+++ Entries shown +++
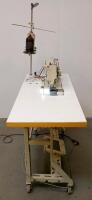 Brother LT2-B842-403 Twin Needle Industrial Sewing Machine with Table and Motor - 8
+++
+++ Entries shown +++
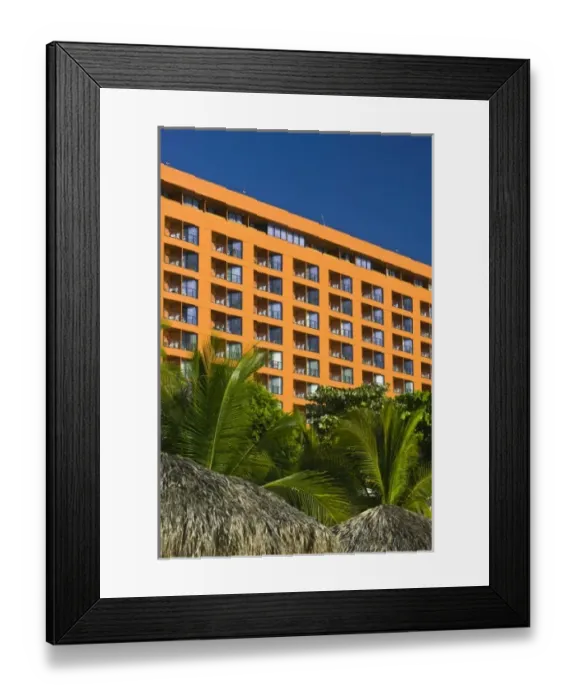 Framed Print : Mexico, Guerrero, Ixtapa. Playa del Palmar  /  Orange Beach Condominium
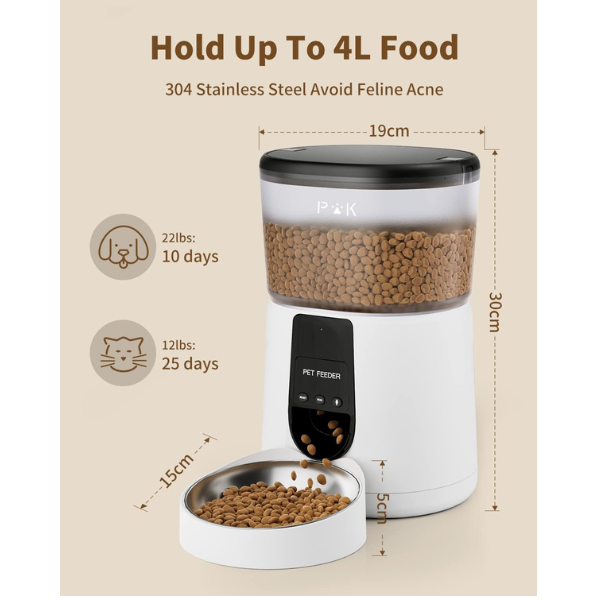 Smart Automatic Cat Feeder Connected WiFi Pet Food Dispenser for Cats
+++
| Work order |
When you reach the line with "Framed Print : Mexico, Guerrero, Ixtapa." in the records above, begin repeating the lines exactly, and stop after the line with "Smart Automatic Cat". Skip all pictures.

| Finished task |
 Framed Print : Mexico, Guerrero, Ixtapa. Playa del Palmar  /  Orange Beach Condominium
 Smart Automatic Cat Feeder Connected WiFi Pet Food Dispenser for Cats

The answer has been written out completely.